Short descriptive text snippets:
· · · ·
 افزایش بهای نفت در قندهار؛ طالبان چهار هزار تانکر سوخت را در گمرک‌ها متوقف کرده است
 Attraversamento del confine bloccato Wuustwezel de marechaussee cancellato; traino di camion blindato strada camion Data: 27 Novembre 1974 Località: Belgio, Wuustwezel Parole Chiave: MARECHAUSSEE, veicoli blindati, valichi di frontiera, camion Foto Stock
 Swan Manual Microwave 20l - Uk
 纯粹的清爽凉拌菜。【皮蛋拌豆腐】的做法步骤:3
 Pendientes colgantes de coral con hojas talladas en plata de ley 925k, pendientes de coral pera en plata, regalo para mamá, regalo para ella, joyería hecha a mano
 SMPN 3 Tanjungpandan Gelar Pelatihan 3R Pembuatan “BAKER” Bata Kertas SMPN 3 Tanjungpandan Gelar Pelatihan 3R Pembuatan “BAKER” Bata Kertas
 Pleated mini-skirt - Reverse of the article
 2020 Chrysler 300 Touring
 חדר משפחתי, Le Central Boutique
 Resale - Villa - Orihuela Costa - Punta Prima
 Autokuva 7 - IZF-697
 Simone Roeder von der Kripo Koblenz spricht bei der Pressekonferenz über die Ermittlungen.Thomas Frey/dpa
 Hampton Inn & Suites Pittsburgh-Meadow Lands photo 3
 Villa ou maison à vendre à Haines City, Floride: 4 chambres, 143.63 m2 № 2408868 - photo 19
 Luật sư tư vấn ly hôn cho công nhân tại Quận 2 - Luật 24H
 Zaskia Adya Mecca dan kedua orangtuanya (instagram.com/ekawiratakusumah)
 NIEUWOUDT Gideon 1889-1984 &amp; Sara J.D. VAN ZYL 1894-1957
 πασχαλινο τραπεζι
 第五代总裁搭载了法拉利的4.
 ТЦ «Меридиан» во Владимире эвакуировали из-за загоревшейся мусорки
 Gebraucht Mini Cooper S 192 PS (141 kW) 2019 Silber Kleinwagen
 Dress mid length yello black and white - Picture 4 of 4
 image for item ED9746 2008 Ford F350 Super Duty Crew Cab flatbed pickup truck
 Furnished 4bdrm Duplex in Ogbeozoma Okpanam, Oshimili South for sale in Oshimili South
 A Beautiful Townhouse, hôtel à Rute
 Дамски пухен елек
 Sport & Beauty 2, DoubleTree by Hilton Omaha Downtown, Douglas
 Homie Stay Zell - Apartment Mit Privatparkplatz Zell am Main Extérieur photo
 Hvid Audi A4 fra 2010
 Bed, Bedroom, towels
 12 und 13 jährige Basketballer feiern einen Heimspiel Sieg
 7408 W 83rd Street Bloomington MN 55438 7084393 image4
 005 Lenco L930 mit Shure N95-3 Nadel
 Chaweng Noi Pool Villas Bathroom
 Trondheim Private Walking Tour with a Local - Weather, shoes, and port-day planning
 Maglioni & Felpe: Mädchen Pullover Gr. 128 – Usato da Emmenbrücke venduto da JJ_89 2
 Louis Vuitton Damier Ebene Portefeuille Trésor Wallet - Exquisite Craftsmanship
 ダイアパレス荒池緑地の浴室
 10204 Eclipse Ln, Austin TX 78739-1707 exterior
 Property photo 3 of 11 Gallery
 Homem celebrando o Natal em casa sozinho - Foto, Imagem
· · · ·
* _Task directions_: Lines with "Foto": return each one from the data above.

* _Response area_:
 Attraversamento del confine bloccato Wuustwezel de marechaussee cancellato; traino di camion blindato strada camion Data: 27 Novembre 1974 Località: Belgio, Wuustwezel Parole Chiave: MARECHAUSSEE, veicoli blindati, valichi di frontiera, camion Foto Stock
 Homem celebrando o Natal em casa sozinho - Foto, Imagem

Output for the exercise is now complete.